As one of the more popular Washington, DC, festivals, the Smithsonian Kite Festival draws visitors from all over the country. At the festival, you mostly find people just flying kites, but there are also handfuls of vendors selling kites and kite supplies. Should you attend the kite festival without your own kite (as I have done many a year), you can purchase one at the National Mall.
Of course, if you wait until the day of the festival to buy your kite, you won’t have much time to practice. The kite festival also features the Rokkaku Kite battle and the Hot Tricks competition, two skill and endurance contests that challenge even those with the highest kite flying abilities. There are also kite maker contests, with a special children’s division, where judges award participants for the most creative handmade entry. While the adult competition is limited to 1st, 2nd, and 3rd place prizes, the children’s division awards for the most humorous, patriot, and artistic. There is also a category for the “WOW” award for exceptional and outstanding efforts. Every child participant 11 and under receives a ribbon.
Adults also receive special awards for their kite making ingenuity and creativity. This year, the Smithsonian is encouraging participants to think “green.” Kite entries made of green materials or that reflect a green motif or theme will receive special consideration.

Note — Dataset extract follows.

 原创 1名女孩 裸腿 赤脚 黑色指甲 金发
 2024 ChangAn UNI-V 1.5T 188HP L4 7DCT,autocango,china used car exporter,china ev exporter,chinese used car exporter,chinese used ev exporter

Furthermore, the Smithsonian kite festival sponsors a poetry contest for students from 1st grade to 12th grade. The poem must 150 words or less. Awardees will be invited to read their winning poems on stage at the festival.
As you’ve probably guessed, the major events at the kite festival are the myriad contests. However, this year, the Smithsonian plans to focus more on the “festive,” though no details have been released. One best guess would be that it would focus more on the Asian cultural traditions that influenced the kite and cherry blossom festivals years ago. Furthermore, there’s usually no entertain beyond kite flying. While the details of the improvements of the festival remain unknown, the festival itself is still a great weekend respite. It’s a free event that’s family friendly and one that contest lovers and spectators can equally enjoy.
This year’s Smithsonian Kite Festival will be at the National Mall on Saturday, March 28, 2009 from 10 am to 4 pm. The best way to get there is via metro. Take the orange line to the Smithsonian stop and then look to the sky. The main festivities take place between the Capitol and the Tidal Basin, which is also the best place to enjoy the cherry blossoms if you can get there before the crowds.